Although the records include pictures, the copy should not; write out exactly the lines from the first through the line with "WP рассказала, как".

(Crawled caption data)
•••••

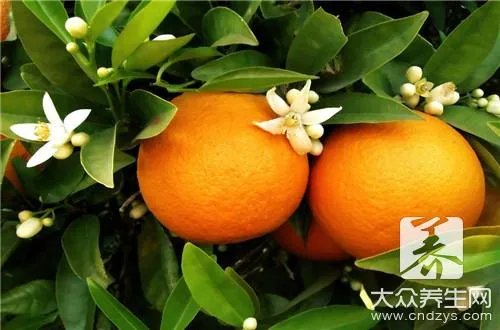 吃橘子上火还是败火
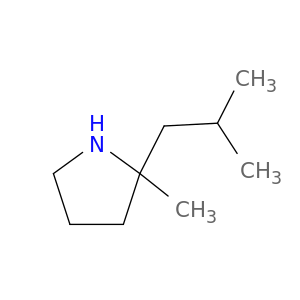2-methyl-2-(2-methylpropyl)pyrrolidine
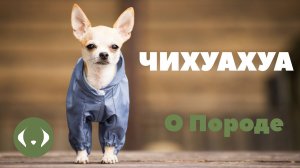 Чихуахуа - О породе - Выбор щенка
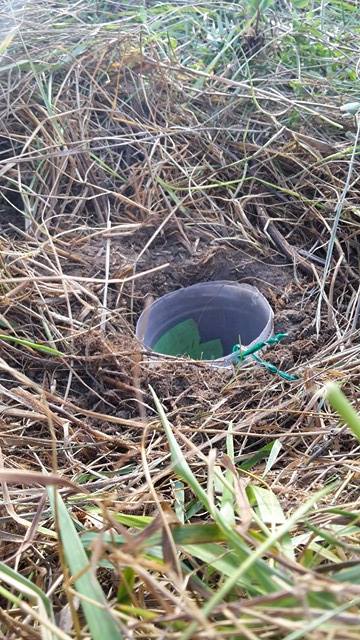pitfall_fellows's tweet photo. Have you ever wondered how a #pitfall works? Here are some pictures to explain it a little! #ENVB222 #invertebrates #grasslands https://t.co/JvmTXR5eSo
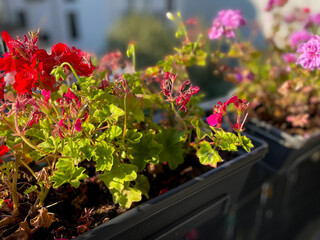 Blooming pink red Geranium pelargonium flowers in decorative flower pot hanging on a balcony fence...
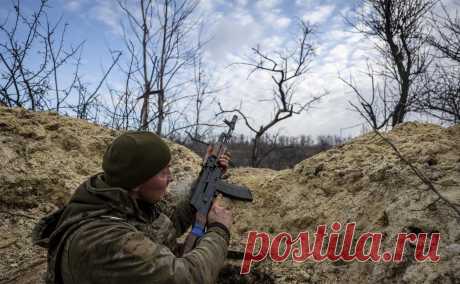 WP рассказала, как лесополосы стали жизненно важны в боях на Украине. В украинской степи войска используют ветрозащитные посадки деревьев для укрытия техники, окопов, блиндажей, отдыха. «Ценятся» широкие и густые лесополосы, еще один плюс — расположение на возвышенности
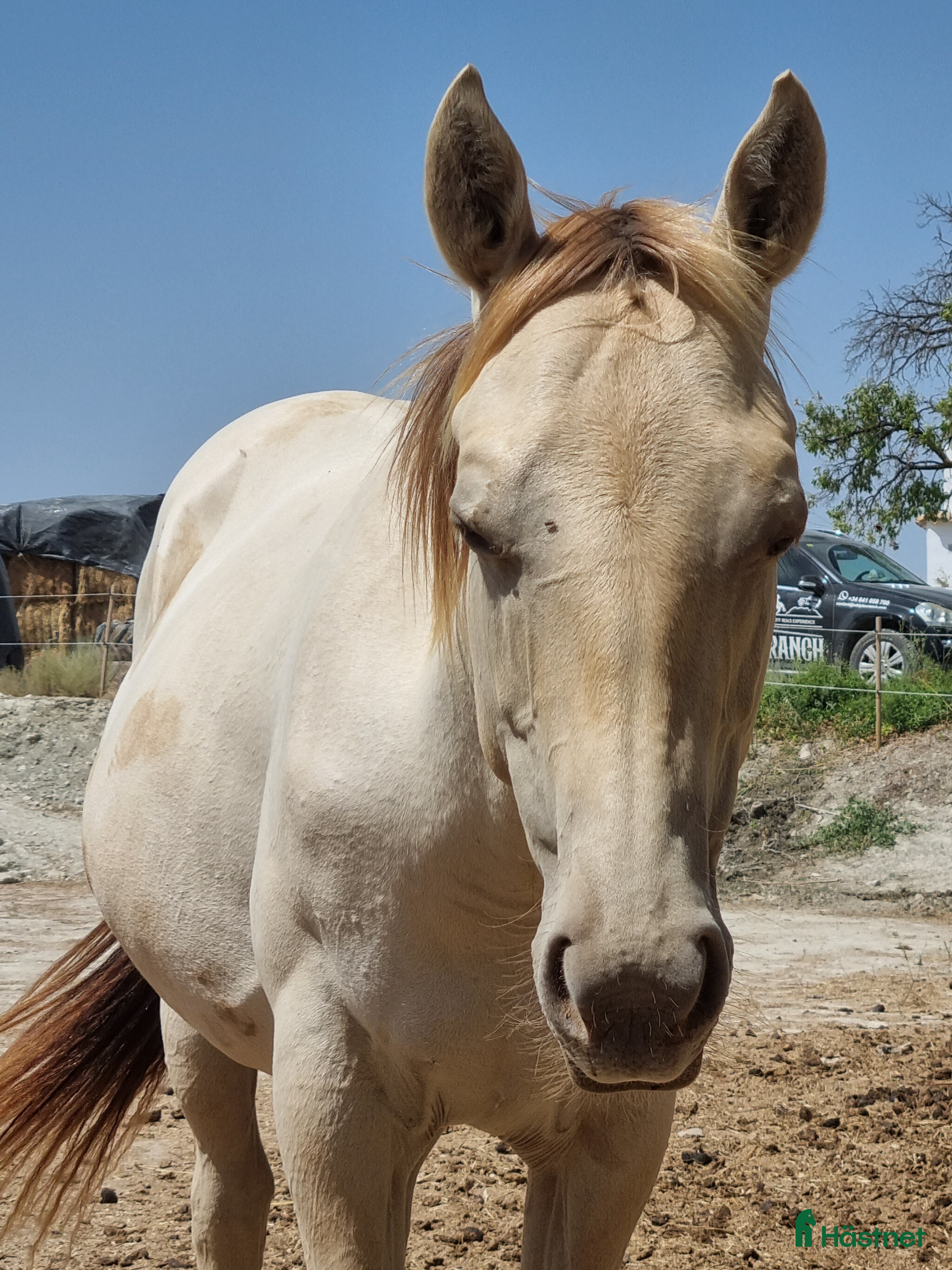 Allround hästar till salu: APHA Sto  i Slöinge - Annons 2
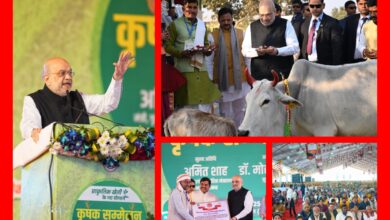 InCollage 20251225 200630942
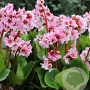 Bergenia 'Harzkristall' GM P9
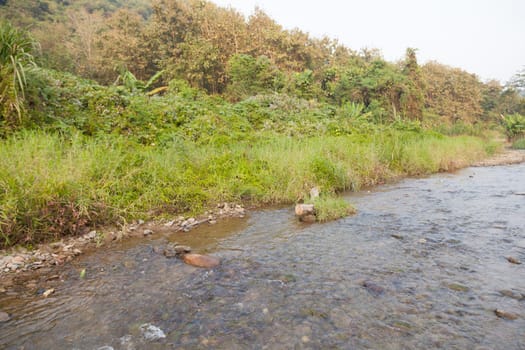 River that flows down from the forest. Through streams with small stones in the river.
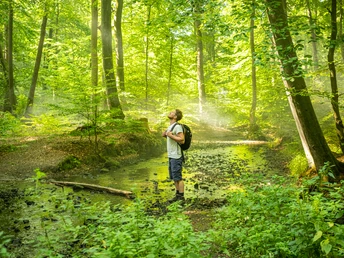 Ein Wanderer genießt die Ruhe in einem sonnendurchfluteten, grünen Wald an einem kleinen Bach.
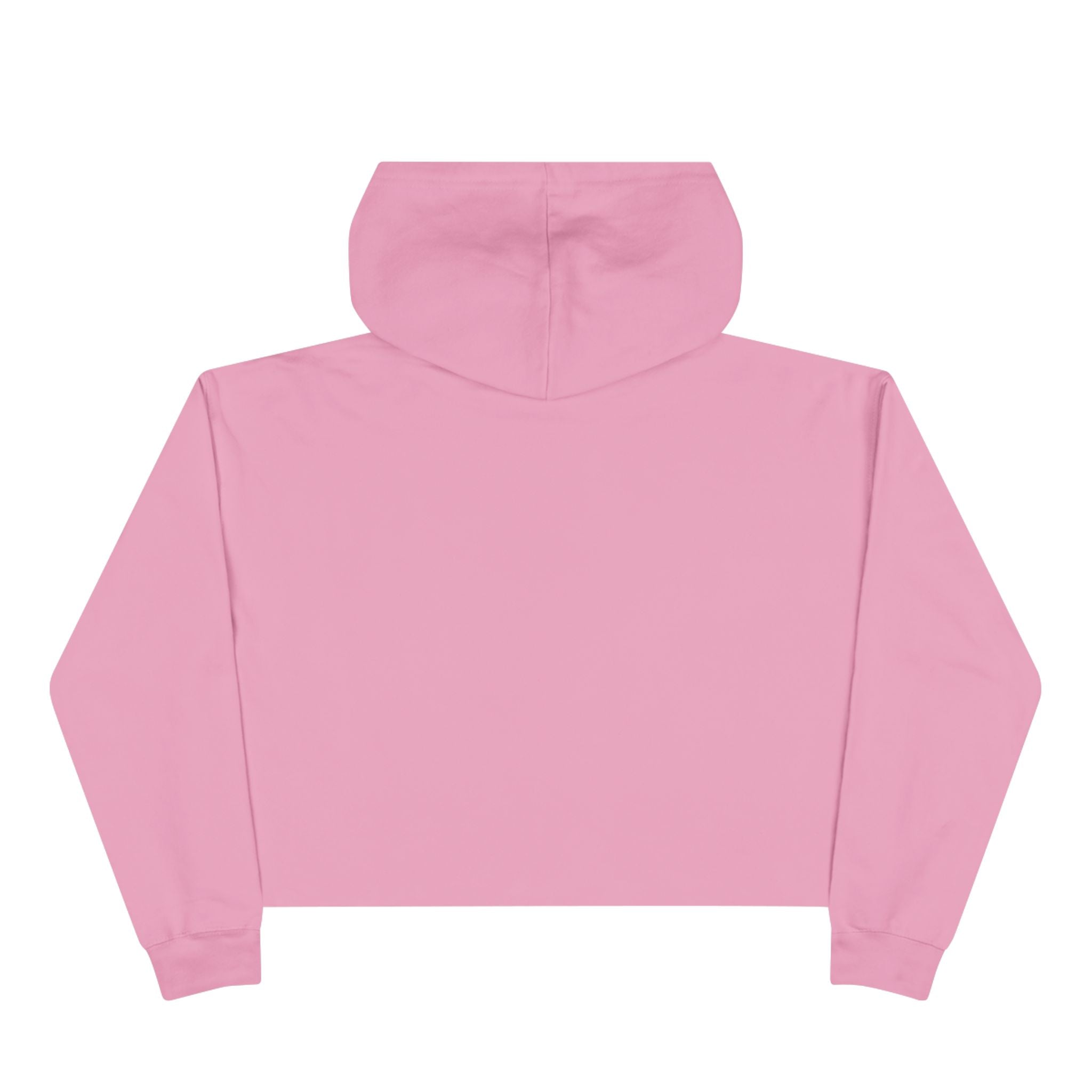 Hoochie Social Club Cropped Hoodie — Retro Sun Cat Graphic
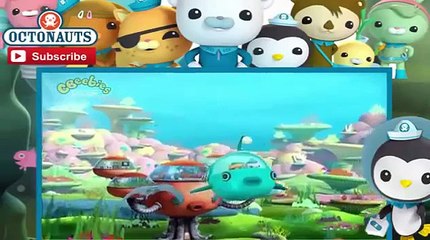 The Octonauts Episode 13 The Manta Rays Full Movies 2015 Best Action Hot Movie Dubbed and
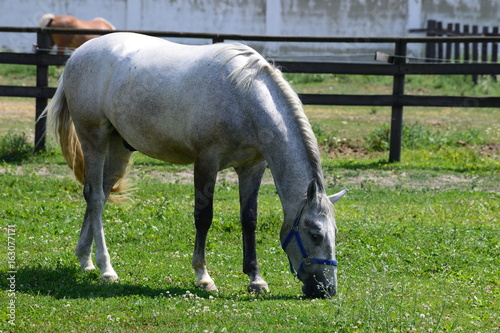 Lipizzaner photo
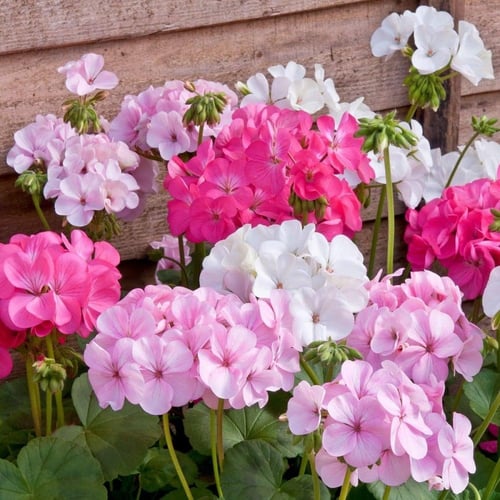 ‫بذور زهرة الجيرانيوم ( geranium palladium )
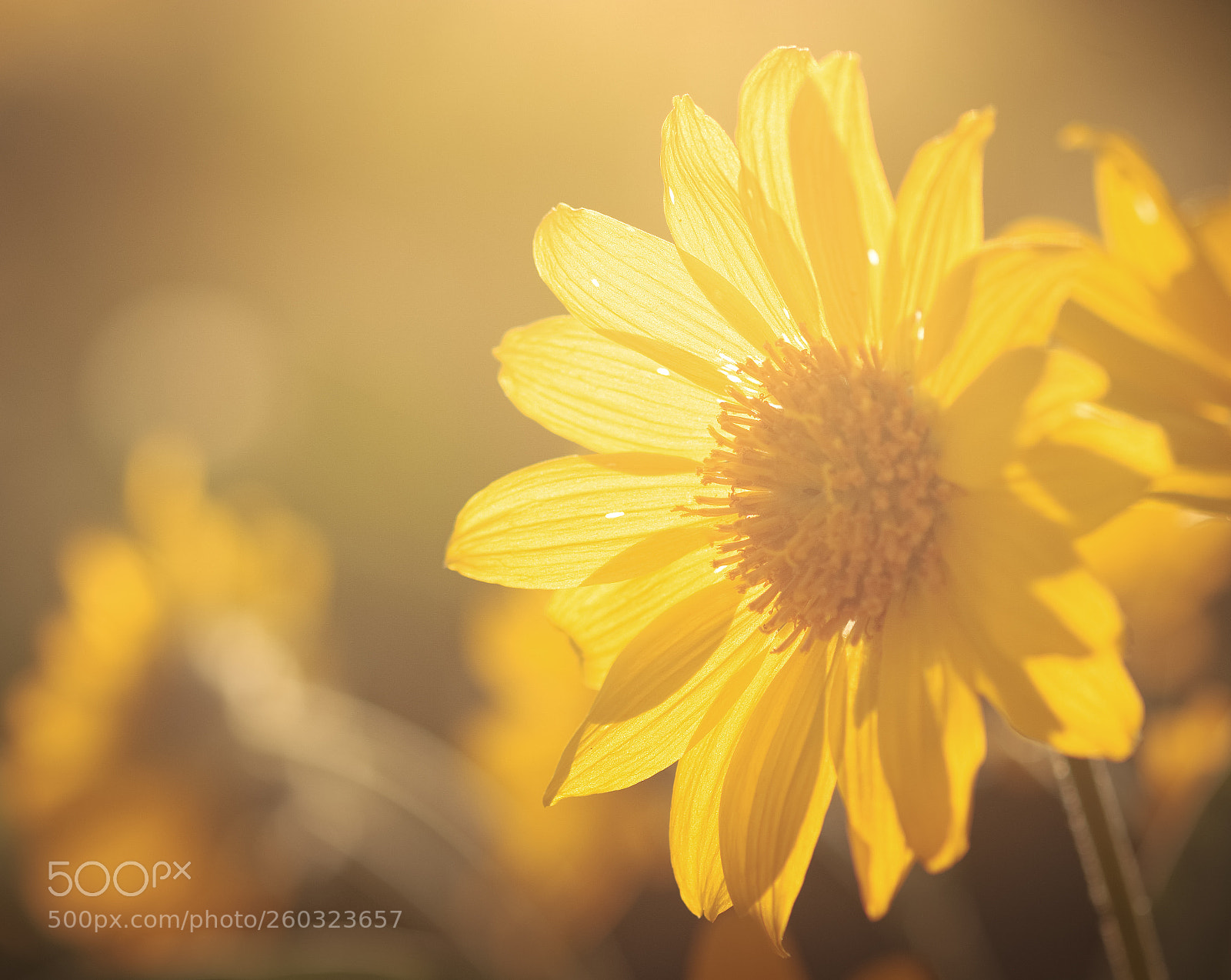 Fujifilm X-T20 sample photo. Evening light photography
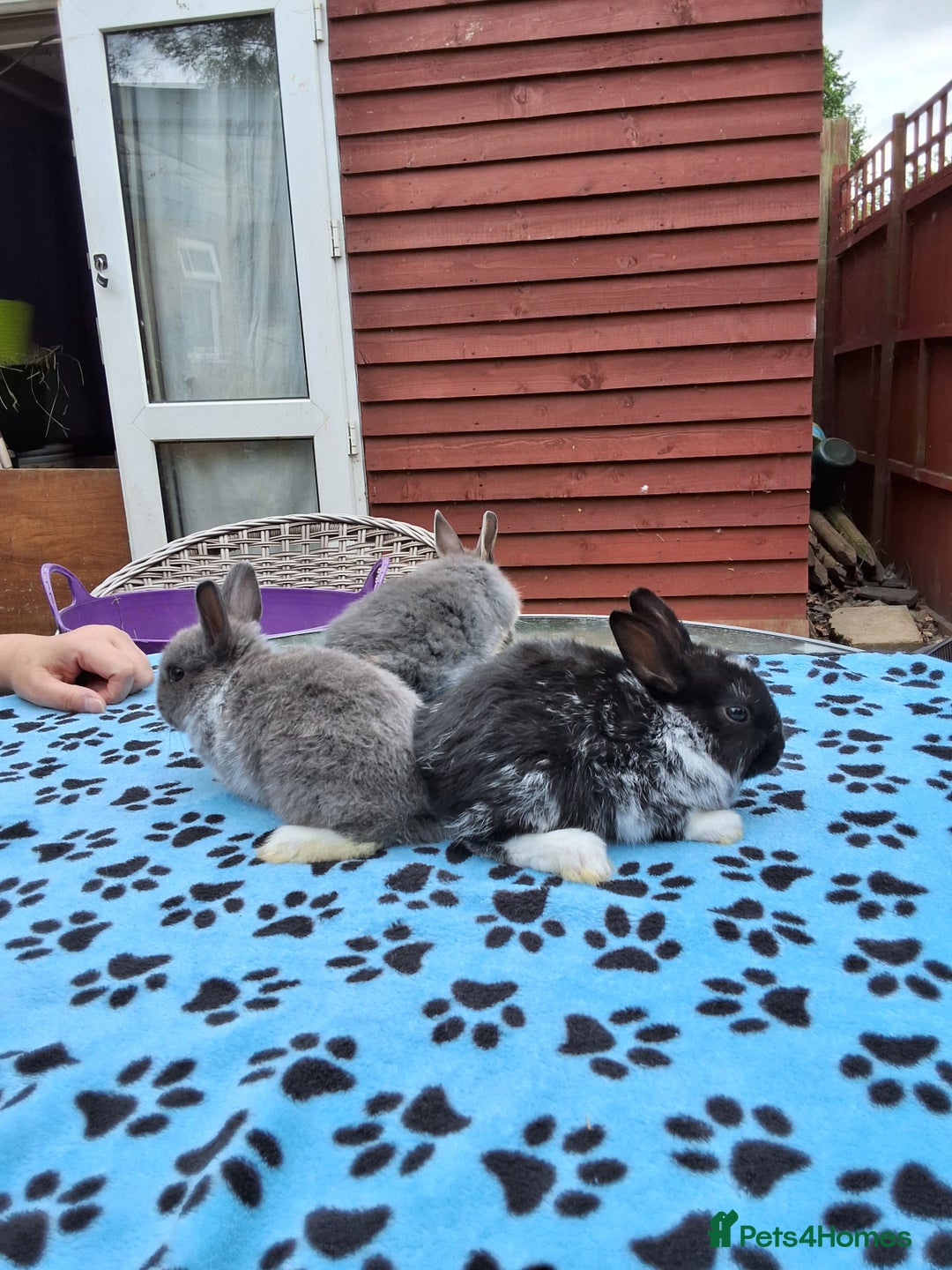 Netherland Dwarf rabbits for sale: 3 Netherland Dwarf bunnies ready 4 forever homes  - Image 23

•••••

▸ **Exercise result**
 吃橘子上火还是败火
2-methyl-2-(2-methylpropyl)pyrrolidine
 Чихуахуа - О породе - Выбор щенка
pitfall_fellows's tweet photo. Have you ever wondered how a #pitfall works? Here are some pictures to explain it a little! #ENVB222 #invertebrates #grasslands https://t.co/JvmTXR5eSo
 Blooming pink red Geranium pelargonium flowers in decorative flower pot hanging on a balcony fence...
 WP рассказала, как лесополосы стали жизненно важны в боях на Украине. В украинской степи войска используют ветрозащитные посадки деревьев для укрытия техники, окопов, блиндажей, отдыха. «Ценятся» широкие и густые лесополосы, еще один плюс — расположение на возвышенности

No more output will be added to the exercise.